▼

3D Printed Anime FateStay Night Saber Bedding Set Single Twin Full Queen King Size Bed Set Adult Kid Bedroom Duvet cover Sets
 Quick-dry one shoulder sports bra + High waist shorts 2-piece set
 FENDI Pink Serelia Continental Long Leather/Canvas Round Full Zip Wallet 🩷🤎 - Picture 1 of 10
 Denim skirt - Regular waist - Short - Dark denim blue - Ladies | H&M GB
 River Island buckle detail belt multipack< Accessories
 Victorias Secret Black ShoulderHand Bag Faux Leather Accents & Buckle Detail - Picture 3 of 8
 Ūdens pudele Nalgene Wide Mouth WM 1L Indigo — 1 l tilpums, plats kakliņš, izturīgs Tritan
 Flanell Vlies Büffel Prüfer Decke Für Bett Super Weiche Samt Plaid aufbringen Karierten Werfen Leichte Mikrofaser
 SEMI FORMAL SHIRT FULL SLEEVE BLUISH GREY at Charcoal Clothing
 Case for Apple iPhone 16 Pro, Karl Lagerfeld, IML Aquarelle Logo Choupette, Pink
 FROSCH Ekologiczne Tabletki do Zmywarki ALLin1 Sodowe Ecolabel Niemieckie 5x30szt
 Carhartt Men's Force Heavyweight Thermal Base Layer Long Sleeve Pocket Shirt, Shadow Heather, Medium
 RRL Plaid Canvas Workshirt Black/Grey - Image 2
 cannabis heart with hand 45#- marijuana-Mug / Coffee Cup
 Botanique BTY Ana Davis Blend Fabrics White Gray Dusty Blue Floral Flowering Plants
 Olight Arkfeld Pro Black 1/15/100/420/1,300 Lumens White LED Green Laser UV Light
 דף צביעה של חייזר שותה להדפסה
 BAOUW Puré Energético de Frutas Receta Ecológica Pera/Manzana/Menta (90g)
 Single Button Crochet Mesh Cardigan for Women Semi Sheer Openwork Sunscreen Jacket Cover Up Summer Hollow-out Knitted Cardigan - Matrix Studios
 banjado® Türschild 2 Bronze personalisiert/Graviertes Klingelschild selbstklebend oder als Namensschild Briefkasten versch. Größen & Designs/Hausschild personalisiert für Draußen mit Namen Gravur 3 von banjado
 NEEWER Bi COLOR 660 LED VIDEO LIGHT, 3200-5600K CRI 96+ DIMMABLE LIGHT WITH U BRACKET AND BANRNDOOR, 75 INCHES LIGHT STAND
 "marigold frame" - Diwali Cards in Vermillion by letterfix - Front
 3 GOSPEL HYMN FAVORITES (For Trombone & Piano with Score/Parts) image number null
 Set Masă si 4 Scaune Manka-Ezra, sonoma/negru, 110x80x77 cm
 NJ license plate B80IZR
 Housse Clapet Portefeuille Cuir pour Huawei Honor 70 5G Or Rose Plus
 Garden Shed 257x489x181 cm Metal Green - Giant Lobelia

▲

## WHAT THE TASK REQUIRES
Tally the lines of the records that contain "Leather", then write only the total.

## TASK OUTPUT
2